Excerpts from a dataset:
========================

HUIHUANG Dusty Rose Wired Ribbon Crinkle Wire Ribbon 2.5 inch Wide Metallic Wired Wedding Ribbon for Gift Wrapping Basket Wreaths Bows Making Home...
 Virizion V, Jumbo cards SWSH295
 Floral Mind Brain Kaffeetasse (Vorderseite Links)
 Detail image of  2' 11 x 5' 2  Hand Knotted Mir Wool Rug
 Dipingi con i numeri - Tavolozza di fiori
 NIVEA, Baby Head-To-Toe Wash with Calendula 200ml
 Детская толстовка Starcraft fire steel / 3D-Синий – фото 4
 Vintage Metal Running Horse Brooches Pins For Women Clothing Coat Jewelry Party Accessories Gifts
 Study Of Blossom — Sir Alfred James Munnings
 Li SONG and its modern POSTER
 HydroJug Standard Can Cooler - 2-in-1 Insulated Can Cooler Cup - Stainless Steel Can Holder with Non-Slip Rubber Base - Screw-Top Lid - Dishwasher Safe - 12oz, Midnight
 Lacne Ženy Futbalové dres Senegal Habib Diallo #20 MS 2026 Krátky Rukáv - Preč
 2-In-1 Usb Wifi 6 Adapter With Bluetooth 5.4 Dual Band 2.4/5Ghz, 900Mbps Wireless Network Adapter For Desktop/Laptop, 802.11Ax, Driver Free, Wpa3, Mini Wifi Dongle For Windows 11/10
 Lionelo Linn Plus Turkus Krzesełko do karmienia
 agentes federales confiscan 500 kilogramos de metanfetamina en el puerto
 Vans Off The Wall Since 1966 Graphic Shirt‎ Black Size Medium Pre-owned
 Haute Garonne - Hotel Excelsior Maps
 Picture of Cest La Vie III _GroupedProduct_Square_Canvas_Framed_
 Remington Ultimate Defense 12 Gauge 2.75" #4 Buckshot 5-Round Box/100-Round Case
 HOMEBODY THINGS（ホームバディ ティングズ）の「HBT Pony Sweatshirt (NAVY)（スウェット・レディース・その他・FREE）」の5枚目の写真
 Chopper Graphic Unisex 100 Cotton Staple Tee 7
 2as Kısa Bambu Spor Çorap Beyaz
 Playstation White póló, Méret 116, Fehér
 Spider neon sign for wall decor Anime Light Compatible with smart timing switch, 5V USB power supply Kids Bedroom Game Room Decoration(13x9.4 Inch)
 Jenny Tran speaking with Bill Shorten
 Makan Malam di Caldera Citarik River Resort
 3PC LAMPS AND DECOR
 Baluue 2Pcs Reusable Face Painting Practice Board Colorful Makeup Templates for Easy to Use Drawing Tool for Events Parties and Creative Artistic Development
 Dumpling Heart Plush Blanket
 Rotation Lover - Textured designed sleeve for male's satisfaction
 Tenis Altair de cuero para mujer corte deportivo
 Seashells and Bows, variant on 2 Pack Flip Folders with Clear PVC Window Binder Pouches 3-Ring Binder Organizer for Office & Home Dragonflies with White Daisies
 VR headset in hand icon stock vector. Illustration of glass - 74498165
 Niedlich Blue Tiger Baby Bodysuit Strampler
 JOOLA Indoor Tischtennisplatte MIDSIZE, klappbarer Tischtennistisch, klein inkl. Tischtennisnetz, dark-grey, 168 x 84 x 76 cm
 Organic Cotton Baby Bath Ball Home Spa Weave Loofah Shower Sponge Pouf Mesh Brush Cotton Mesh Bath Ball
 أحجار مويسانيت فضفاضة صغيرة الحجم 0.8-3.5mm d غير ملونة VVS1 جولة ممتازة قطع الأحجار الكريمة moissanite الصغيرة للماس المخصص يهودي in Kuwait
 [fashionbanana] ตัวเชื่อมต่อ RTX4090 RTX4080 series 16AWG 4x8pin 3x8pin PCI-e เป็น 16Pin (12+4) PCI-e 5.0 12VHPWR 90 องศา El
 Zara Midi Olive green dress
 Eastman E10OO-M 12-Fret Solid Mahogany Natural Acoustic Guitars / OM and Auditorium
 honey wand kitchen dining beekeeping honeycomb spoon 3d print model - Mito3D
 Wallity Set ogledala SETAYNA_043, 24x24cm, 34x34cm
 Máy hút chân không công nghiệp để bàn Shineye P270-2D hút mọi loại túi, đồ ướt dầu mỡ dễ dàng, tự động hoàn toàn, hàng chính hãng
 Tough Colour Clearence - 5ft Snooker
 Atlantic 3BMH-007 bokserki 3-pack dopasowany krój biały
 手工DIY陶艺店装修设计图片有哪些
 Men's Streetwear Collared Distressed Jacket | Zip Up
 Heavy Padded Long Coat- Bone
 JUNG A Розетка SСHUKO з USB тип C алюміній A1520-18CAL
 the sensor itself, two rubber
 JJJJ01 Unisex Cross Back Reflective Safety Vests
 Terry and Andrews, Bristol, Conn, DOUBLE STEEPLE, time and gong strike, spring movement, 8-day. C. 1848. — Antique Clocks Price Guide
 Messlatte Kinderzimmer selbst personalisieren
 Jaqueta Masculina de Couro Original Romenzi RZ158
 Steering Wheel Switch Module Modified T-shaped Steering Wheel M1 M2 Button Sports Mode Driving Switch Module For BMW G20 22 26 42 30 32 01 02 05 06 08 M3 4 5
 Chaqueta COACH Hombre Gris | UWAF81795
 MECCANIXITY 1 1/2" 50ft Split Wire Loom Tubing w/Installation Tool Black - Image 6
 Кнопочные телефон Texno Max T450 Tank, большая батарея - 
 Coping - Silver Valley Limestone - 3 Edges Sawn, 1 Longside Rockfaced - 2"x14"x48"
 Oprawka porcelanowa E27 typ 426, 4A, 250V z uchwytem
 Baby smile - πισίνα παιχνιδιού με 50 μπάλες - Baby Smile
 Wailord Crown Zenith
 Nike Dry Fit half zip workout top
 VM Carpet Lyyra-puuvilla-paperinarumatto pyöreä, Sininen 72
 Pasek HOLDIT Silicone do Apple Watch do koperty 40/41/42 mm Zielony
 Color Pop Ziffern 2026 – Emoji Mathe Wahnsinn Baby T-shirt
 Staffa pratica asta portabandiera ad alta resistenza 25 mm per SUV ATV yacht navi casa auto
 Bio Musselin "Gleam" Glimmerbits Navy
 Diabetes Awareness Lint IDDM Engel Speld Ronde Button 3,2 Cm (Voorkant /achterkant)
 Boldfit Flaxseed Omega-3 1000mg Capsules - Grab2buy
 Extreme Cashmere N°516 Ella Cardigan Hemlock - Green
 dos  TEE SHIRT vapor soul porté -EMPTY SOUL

========================

* **What the task requires**
All of the records above are to be set down again exactly.

* **Exercise answer**
HUIHUANG Dusty Rose Wired Ribbon Crinkle Wire Ribbon 2.5 inch Wide Metallic Wired Wedding Ribbon for Gift Wrapping Basket Wreaths Bows Making Home...
 Virizion V, Jumbo cards SWSH295
 Floral Mind Brain Kaffeetasse (Vorderseite Links)
 Detail image of  2' 11 x 5' 2  Hand Knotted Mir Wool Rug
 Dipingi con i numeri - Tavolozza di fiori
 NIVEA, Baby Head-To-Toe Wash with Calendula 200ml
 Детская толстовка Starcraft fire steel / 3D-Синий – фото 4
 Vintage Metal Running Horse Brooches Pins For Women Clothing Coat Jewelry Party Accessories Gifts
 Study Of Blossom — Sir Alfred James Munnings
 Li SONG and its modern POSTER
 HydroJug Standard Can Cooler - 2-in-1 Insulated Can Cooler Cup - Stainless Steel Can Holder with Non-Slip Rubber Base - Screw-Top Lid - Dishwasher Safe - 12oz, Midnight
 Lacne Ženy Futbalové dres Senegal Habib Diallo #20 MS 2026 Krátky Rukáv - Preč
 2-In-1 Usb Wifi 6 Adapter With Bluetooth 5.4 Dual Band 2.4/5Ghz, 900Mbps Wireless Network Adapter For Desktop/Laptop, 802.11Ax, Driver Free, Wpa3, Mini Wifi Dongle For Windows 11/10
 Lionelo Linn Plus Turkus Krzesełko do karmienia
 agentes federales confiscan 500 kilogramos de metanfetamina en el puerto
 Vans Off The Wall Since 1966 Graphic Shirt‎ Black Size Medium Pre-owned
 Haute Garonne - Hotel Excelsior Maps
 Picture of Cest La Vie III _GroupedProduct_Square_Canvas_Framed_
 Remington Ultimate Defense 12 Gauge 2.75" #4 Buckshot 5-Round Box/100-Round Case
 HOMEBODY THINGS（ホームバディ ティングズ）の「HBT Pony Sweatshirt (NAVY)（スウェット・レディース・その他・FREE）」の5枚目の写真
 Chopper Graphic Unisex 100 Cotton Staple Tee 7
 2as Kısa Bambu Spor Çorap Beyaz
 Playstation White póló, Méret 116, Fehér
 Spider neon sign for wall decor Anime Light Compatible with smart timing switch, 5V USB power supply Kids Bedroom Game Room Decoration(13x9.4 Inch)
 Jenny Tran speaking with Bill Shorten
 Makan Malam di Caldera Citarik River Resort
 3PC LAMPS AND DECOR
 Baluue 2Pcs Reusable Face Painting Practice Board Colorful Makeup Templates for Easy to Use Drawing Tool for Events Parties and Creative Artistic Development
 Dumpling Heart Plush Blanket
 Rotation Lover - Textured designed sleeve for male's satisfaction
 Tenis Altair de cuero para mujer corte deportivo
 Seashells and Bows, variant on 2 Pack Flip Folders with Clear PVC Window Binder Pouches 3-Ring Binder Organizer for Office & Home Dragonflies with White Daisies
 VR headset in hand icon stock vector. Illustration of glass - 74498165
 Niedlich Blue Tiger Baby Bodysuit Strampler
 JOOLA Indoor Tischtennisplatte MIDSIZE, klappbarer Tischtennistisch, klein inkl. Tischtennisnetz, dark-grey, 168 x 84 x 76 cm
 Organic Cotton Baby Bath Ball Home Spa Weave Loofah Shower Sponge Pouf Mesh Brush Cotton Mesh Bath Ball
 أحجار مويسانيت فضفاضة صغيرة الحجم 0.8-3.5mm d غير ملونة VVS1 جولة ممتازة قطع الأحجار الكريمة moissanite الصغيرة للماس المخصص يهودي in Kuwait
 [fashionbanana] ตัวเชื่อมต่อ RTX4090 RTX4080 series 16AWG 4x8pin 3x8pin PCI-e เป็น 16Pin (12+4) PCI-e 5.0 12VHPWR 90 องศา El
 Zara Midi Olive green dress
 Eastman E10OO-M 12-Fret Solid Mahogany Natural Acoustic Guitars / OM and Auditorium
 honey wand kitchen dining beekeeping honeycomb spoon 3d print model - Mito3D
 Wallity Set ogledala SETAYNA_043, 24x24cm, 34x34cm
 Máy hút chân không công nghiệp để bàn Shineye P270-2D hút mọi loại túi, đồ ướt dầu mỡ dễ dàng, tự động hoàn toàn, hàng chính hãng
 Tough Colour Clearence - 5ft Snooker
 Atlantic 3BMH-007 bokserki 3-pack dopasowany krój biały
 手工DIY陶艺店装修设计图片有哪些
 Men's Streetwear Collared Distressed Jacket | Zip Up
 Heavy Padded Long Coat- Bone
 JUNG A Розетка SСHUKO з USB тип C алюміній A1520-18CAL
 the sensor itself, two rubber
 JJJJ01 Unisex Cross Back Reflective Safety Vests
 Terry and Andrews, Bristol, Conn, DOUBLE STEEPLE, time and gong strike, spring movement, 8-day. C. 1848. — Antique Clocks Price Guide
 Messlatte Kinderzimmer selbst personalisieren
 Jaqueta Masculina de Couro Original Romenzi RZ158
 Steering Wheel Switch Module Modified T-shaped Steering Wheel M1 M2 Button Sports Mode Driving Switch Module For BMW G20 22 26 42 30 32 01 02 05 06 08 M3 4 5
 Chaqueta COACH Hombre Gris | UWAF81795
 MECCANIXITY 1 1/2" 50ft Split Wire Loom Tubing w/Installation Tool Black - Image 6
 Кнопочные телефон Texno Max T450 Tank, большая батарея - 
 Coping - Silver Valley Limestone - 3 Edges Sawn, 1 Longside Rockfaced - 2"x14"x48"
 Oprawka porcelanowa E27 typ 426, 4A, 250V z uchwytem
 Baby smile - πισίνα παιχνιδιού με 50 μπάλες - Baby Smile
 Wailord Crown Zenith
 Nike Dry Fit half zip workout top
 VM Carpet Lyyra-puuvilla-paperinarumatto pyöreä, Sininen 72
 Pasek HOLDIT Silicone do Apple Watch do koperty 40/41/42 mm Zielony
 Color Pop Ziffern 2026 – Emoji Mathe Wahnsinn Baby T-shirt
 Staffa pratica asta portabandiera ad alta resistenza 25 mm per SUV ATV yacht navi casa auto
 Bio Musselin "Gleam" Glimmerbits Navy
 Diabetes Awareness Lint IDDM Engel Speld Ronde Button 3,2 Cm (Voorkant /achterkant)
 Boldfit Flaxseed Omega-3 1000mg Capsules - Grab2buy
 Extreme Cashmere N°516 Ella Cardigan Hemlock - Green
 dos  TEE SHIRT vapor soul porté -EMPTY SOUL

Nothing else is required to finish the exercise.